Award after girl's death bittersweet
Every morning Scott Barker has "a bit of a cry" remembering his 12-year-old daughter, Amanda, who died from meningococcal disease last month.
A Father's Day kiss on the cheek, the day before she died, remains his most tender memory.
Last night, six weeks after her death, Mr Barker and Amanda's mum Lisa Crook accepted a posthumous award on their daughter's behalf, after a short story she had written was judged the best in Wellington.
The unexpected prize, while making her parents proud, also renewed their grief, Mr Barker said.
"We are very proud of her. Sadly she's not here to accept the award herself . . . [but] it's kind of like she lives on, in a way."
He had laminated a copy of the short story "for safe keeping".
Amanda, a pupil at Evans Bay Intermediate School, died suddenly on September 4. She had enjoyed an eventful weekend, with a disco on Friday and a friend's party on the Saturday.
She spent Sunday with her dad for Father's Day, followed by burgers for dinner with her granddad.
On Monday, she felt "a little bit sick" and had the day off school. At 3pm she developed a rash, and by 5pm she was dead.
Mr Barker said the loss of his daughter had been agony.
"It's still very difficult. It's still raw. I think of her many, many times a day.
"I still have a bit of a cry each day, especially in the morning, when I realise she's gone. She was my righthand man in a lot of situations. I miss her dearly."
But he was able to take solace from his final day with her.
"I'll remember parts of that [Father's Day] weekend forever. She gave me a kiss on the cheek that night as part of saying goodnight. That last kiss goodbye from her . . . I'll never forget that."
Mr Barker and Ms Crook were joined by Amanda's grandparents and the principal of her school, Wendy Esera, when they accepted their daughter's prize.
Mrs Esera said the award was a credit to Amanda's academic ability.
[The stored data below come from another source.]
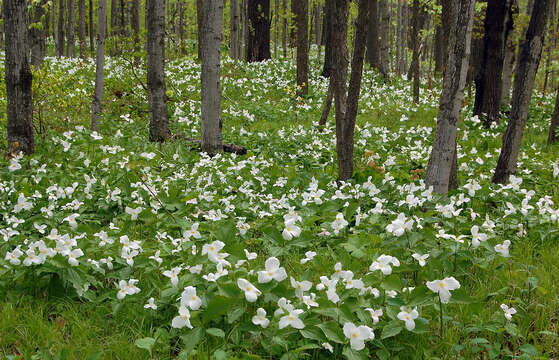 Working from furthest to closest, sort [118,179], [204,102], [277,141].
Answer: [277,141]
[204,102]
[118,179]

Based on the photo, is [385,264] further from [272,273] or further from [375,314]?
[272,273]

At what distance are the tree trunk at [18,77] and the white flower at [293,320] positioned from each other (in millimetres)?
5337

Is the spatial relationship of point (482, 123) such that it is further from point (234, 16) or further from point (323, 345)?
point (234, 16)

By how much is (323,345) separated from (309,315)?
25 cm

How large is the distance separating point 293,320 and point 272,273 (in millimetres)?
301

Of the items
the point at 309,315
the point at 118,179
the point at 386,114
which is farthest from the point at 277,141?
the point at 309,315

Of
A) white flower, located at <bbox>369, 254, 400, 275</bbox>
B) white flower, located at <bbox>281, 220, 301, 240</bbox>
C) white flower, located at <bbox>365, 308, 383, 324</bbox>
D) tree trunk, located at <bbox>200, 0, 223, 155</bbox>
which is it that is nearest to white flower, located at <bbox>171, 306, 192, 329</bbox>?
white flower, located at <bbox>281, 220, 301, 240</bbox>

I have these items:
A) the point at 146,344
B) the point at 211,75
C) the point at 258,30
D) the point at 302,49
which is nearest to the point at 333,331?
the point at 146,344

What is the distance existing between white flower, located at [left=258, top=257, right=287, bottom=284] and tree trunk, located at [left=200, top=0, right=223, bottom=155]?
205 inches

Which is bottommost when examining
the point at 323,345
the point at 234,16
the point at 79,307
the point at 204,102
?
the point at 79,307

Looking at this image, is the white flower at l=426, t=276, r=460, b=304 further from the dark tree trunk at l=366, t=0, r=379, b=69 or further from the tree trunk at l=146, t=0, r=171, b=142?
the dark tree trunk at l=366, t=0, r=379, b=69

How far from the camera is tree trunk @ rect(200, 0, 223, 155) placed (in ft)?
22.5

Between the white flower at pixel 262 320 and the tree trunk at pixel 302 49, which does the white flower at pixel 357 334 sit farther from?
the tree trunk at pixel 302 49

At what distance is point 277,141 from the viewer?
830cm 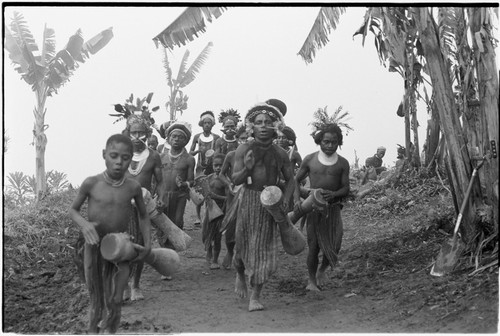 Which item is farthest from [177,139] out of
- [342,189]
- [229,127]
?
[342,189]

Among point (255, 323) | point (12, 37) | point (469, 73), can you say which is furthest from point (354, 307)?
point (12, 37)

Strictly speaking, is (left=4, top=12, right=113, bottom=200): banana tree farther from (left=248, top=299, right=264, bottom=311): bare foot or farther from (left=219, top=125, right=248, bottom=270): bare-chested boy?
(left=248, top=299, right=264, bottom=311): bare foot

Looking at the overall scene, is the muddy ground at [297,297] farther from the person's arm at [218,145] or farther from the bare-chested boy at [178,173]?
the person's arm at [218,145]

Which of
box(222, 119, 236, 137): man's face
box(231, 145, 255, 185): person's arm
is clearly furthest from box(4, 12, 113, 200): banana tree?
box(231, 145, 255, 185): person's arm

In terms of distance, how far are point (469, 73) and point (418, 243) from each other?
2.16 meters

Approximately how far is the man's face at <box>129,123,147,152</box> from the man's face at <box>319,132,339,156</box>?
1.92m

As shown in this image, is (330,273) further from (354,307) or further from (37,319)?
(37,319)

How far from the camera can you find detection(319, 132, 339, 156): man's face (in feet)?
21.9

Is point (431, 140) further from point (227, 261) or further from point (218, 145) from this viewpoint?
point (227, 261)

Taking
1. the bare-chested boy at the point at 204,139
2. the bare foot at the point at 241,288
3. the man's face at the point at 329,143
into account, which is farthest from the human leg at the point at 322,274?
the bare-chested boy at the point at 204,139

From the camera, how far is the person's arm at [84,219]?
4.75 metres

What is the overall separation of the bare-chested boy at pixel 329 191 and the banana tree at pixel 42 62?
17.3 feet

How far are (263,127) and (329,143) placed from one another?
96 cm

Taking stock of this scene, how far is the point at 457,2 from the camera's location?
5473mm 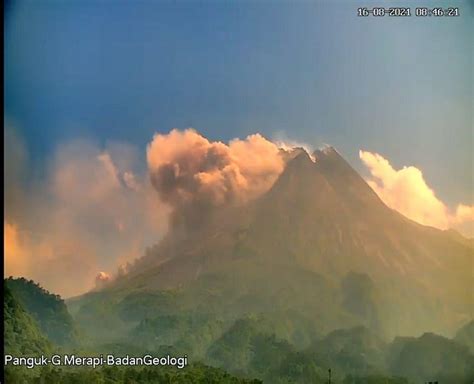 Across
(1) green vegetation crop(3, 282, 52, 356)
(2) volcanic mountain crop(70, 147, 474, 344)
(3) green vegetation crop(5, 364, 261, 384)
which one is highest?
(2) volcanic mountain crop(70, 147, 474, 344)

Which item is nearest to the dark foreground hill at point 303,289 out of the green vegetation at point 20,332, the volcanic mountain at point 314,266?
the volcanic mountain at point 314,266

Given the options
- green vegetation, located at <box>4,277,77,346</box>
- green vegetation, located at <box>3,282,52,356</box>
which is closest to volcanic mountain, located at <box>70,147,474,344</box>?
green vegetation, located at <box>4,277,77,346</box>

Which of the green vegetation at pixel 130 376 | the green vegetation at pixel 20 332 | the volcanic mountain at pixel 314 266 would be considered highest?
the volcanic mountain at pixel 314 266

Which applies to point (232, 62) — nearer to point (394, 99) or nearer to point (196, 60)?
point (196, 60)

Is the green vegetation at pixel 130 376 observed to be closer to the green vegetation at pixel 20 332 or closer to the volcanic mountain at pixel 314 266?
the green vegetation at pixel 20 332

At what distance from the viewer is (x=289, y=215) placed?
116 inches

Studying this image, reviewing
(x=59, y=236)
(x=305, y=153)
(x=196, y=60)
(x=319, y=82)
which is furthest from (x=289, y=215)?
(x=59, y=236)

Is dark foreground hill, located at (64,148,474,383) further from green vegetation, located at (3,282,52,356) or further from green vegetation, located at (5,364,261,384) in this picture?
green vegetation, located at (3,282,52,356)

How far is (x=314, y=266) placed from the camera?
9.64 feet

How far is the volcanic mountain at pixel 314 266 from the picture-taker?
2.91 m

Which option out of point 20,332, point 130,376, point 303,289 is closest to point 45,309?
point 20,332

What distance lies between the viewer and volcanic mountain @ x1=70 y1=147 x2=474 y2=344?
114 inches

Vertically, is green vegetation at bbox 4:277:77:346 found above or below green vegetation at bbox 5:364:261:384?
above

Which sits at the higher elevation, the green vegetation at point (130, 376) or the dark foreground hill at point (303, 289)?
the dark foreground hill at point (303, 289)
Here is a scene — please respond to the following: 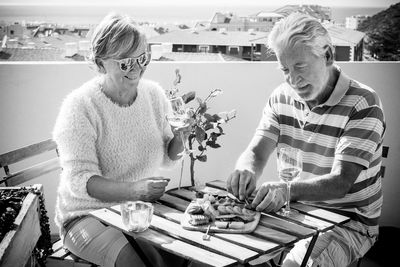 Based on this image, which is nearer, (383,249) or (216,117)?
(216,117)

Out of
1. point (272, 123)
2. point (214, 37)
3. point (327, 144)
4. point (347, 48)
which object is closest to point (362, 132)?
point (327, 144)

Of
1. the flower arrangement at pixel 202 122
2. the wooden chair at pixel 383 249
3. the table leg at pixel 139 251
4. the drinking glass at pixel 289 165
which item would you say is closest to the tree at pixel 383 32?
the wooden chair at pixel 383 249

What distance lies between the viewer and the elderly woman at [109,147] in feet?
6.84

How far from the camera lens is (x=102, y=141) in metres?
2.39

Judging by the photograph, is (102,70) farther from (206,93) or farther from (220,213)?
A: (206,93)

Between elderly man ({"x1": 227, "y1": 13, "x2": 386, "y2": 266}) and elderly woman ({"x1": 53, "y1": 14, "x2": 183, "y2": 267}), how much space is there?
18.1 inches

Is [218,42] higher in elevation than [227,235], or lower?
higher

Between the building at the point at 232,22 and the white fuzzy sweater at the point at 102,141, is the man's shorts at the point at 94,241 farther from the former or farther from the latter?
the building at the point at 232,22

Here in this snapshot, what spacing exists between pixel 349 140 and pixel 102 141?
111 cm

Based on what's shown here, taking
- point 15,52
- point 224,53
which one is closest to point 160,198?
point 15,52

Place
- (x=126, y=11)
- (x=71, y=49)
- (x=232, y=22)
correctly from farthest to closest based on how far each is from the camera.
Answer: (x=232, y=22) < (x=71, y=49) < (x=126, y=11)

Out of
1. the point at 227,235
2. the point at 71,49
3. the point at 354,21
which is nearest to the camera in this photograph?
the point at 227,235

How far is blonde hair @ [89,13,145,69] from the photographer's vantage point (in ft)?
7.52

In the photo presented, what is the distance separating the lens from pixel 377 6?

"She was one of those kids that was multi-talented. And that's what makes it even more tragic than tragic. She loved anything creative. This is just such a beautiful thing for her to win."
Competition judge John McIntyre, owner of The Children's Bookshop, in Kilbirnie, said Amanda's story about a Wellington family's reaction to the declaration of war with Germany was a justified winner.
"I was aware of the situation but I was very careful about not making a decision on sympathy. The more stories I read the more I kept getting drawn back to her story.
"It's a skilful combination of research and her imagination to construct an interesting story," he said.
Her prize, $100 in book vouchers, was donated to her school.
Ms Crook said finding out Amanda had won, just three weeks after she had died, had been a shock.
"It was sad and it was frustrating . . . it just reminded us of all the stuff she could have done but can't do any more."